### WHAT THIS TASK INVOLVES
Only an exact repetition of the lines from the one holding "Eilige Arzneimittel Kompaktlogo" to the end of the data is wanted, with pictures left out.

Web page caption snippets:
- - - - - - -
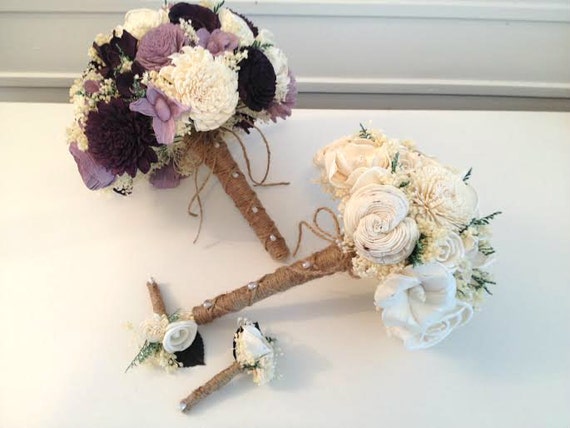 Purple Plum Ivory Wedding Bouquet Sola Flowers Customize 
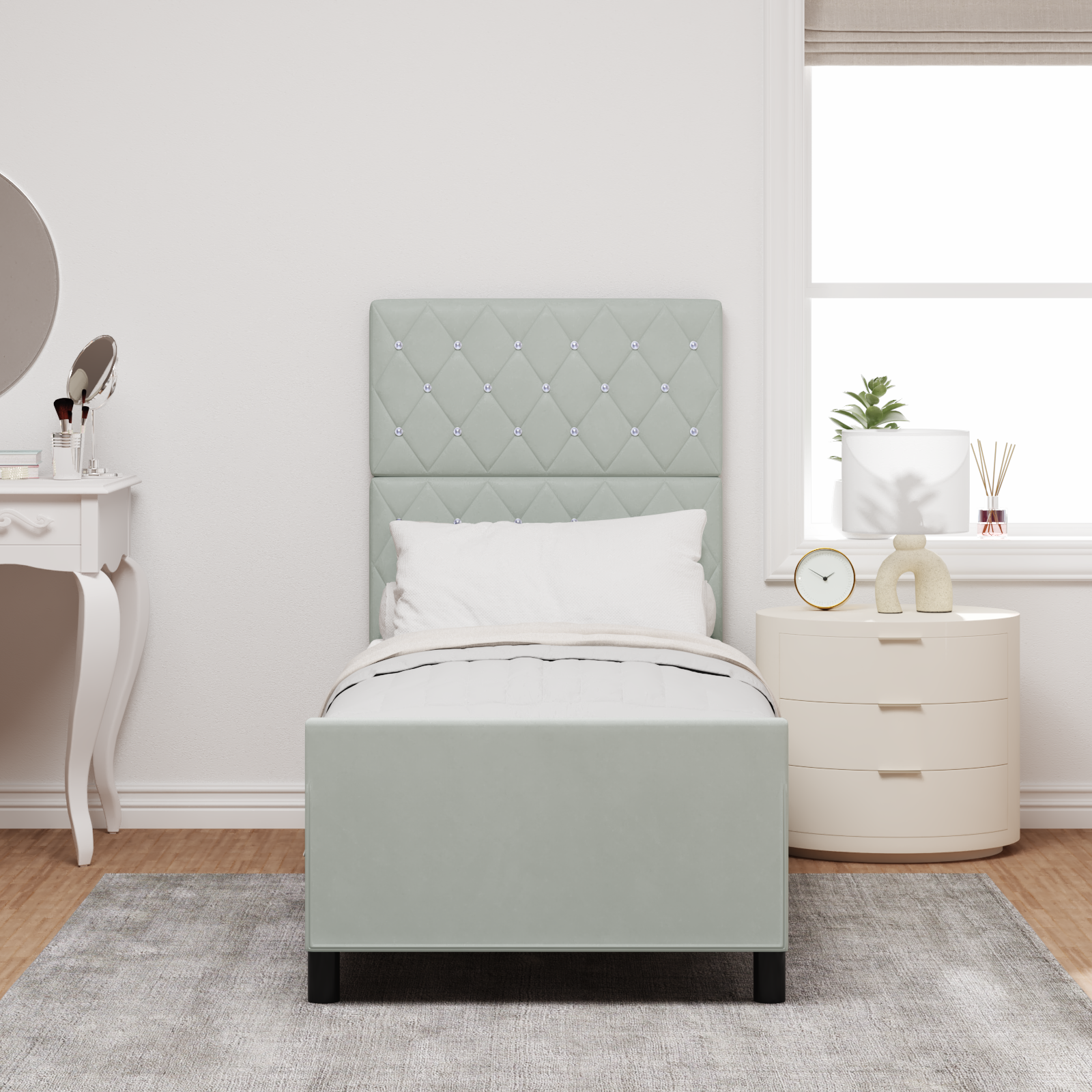 Light Grey Velvet Bed Frame 80x200 cm - Image 5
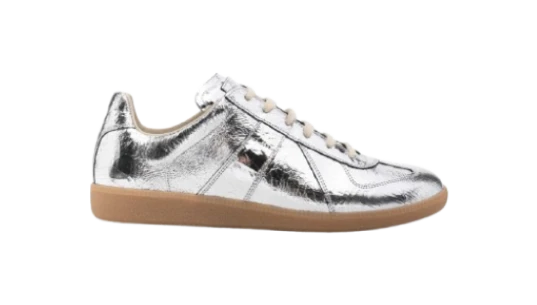 Metallic-Effect Sneakers - Silver-Tone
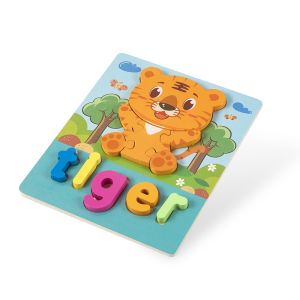 Mainan Edukasi Kayu 3D Tiga Dimensi Jigsaw Puzzle Teka-teki Anak Kata Pendidikan Awal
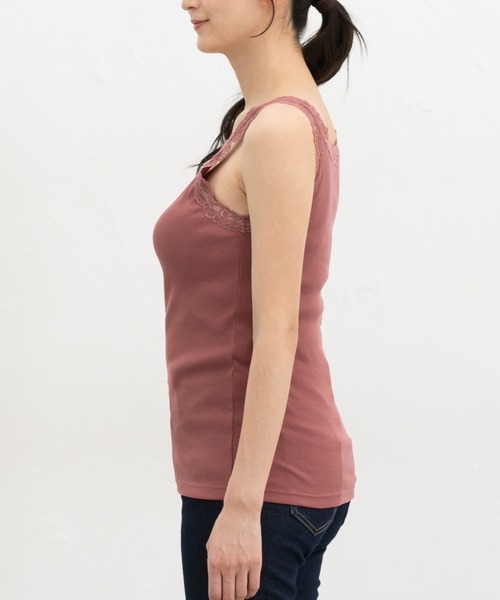 Honeys(ハニーズ)の「【UVカット・吸水速乾】カップ付レースタンク(タンクトップ・レディース・オフホワイト/ピンク系その他/ブラック・L/LL/M/S)」の17枚目の写真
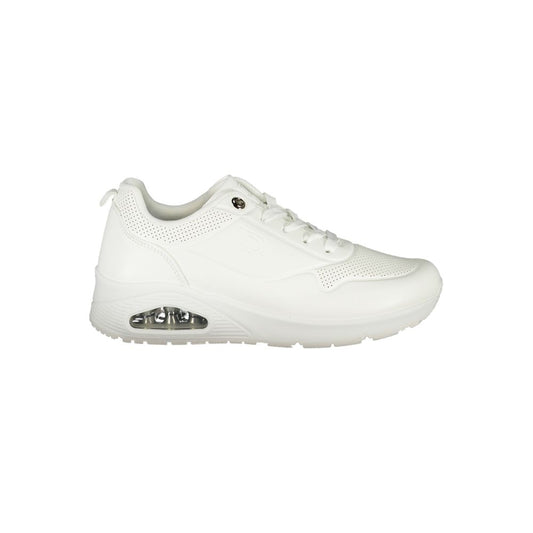 Laura Biagiotti White Polyester Women Sneaker with stylish design, featuring contrasting details and removable footbed.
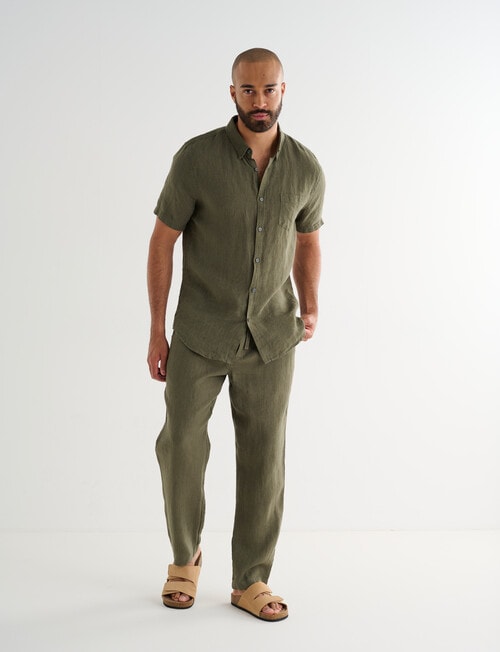 Gasoline Short Sleeve Linen Shirt, Khaki product photo View 03 L
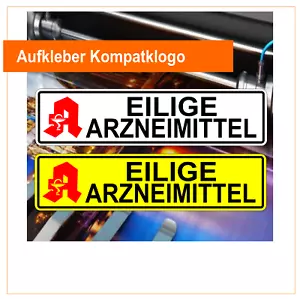 Eilige Arzneimittel Kompaktlogo Aufkleber, normal/reflektierend/neongelb - Bild 1 von 1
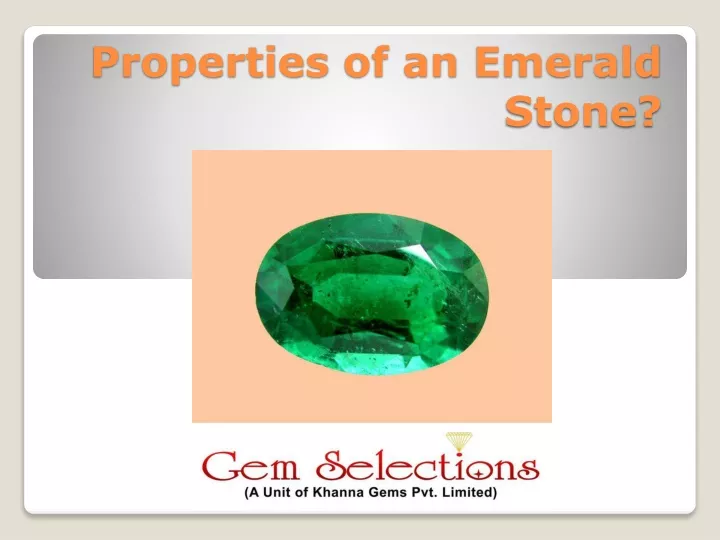 properties of an emerald stone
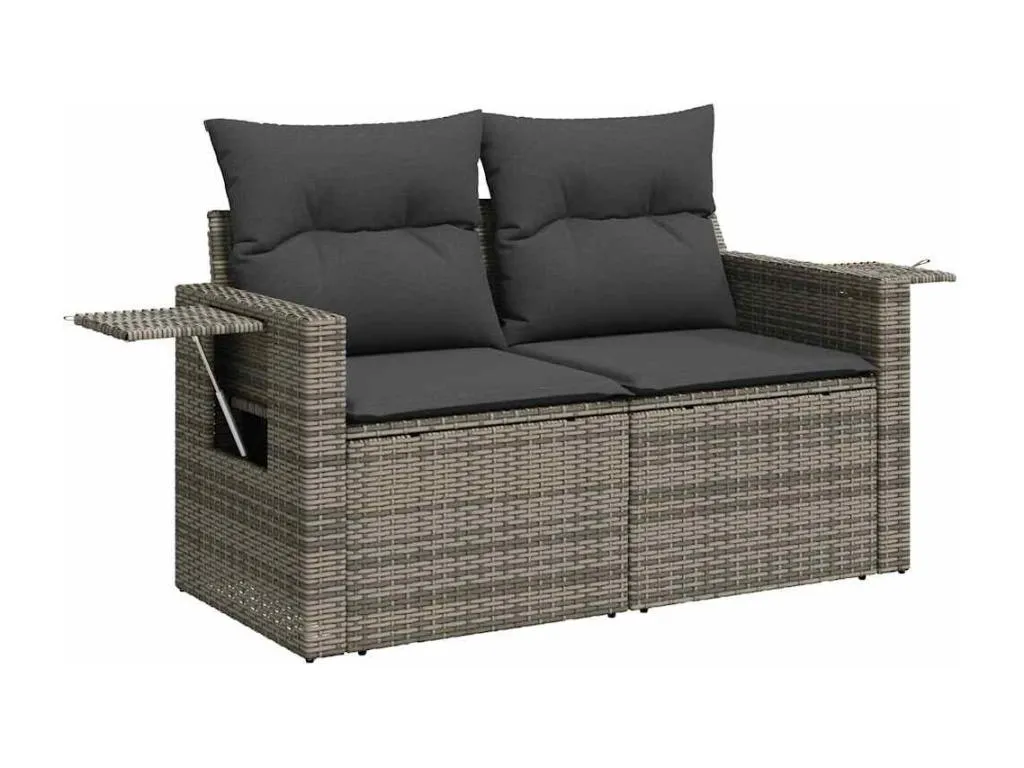 Set de sofás de jardín con cojines 9 pzas ratán sintético gris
- - - - - - -
### RESPONSE AREA
 Eilige Arzneimittel Kompaktlogo Aufkleber, normal/reflektierend/neongelb - Bild 1 von 1
 properties of an emerald stone
 Set de sofás de jardín con cojines 9 pzas ratán sintético gris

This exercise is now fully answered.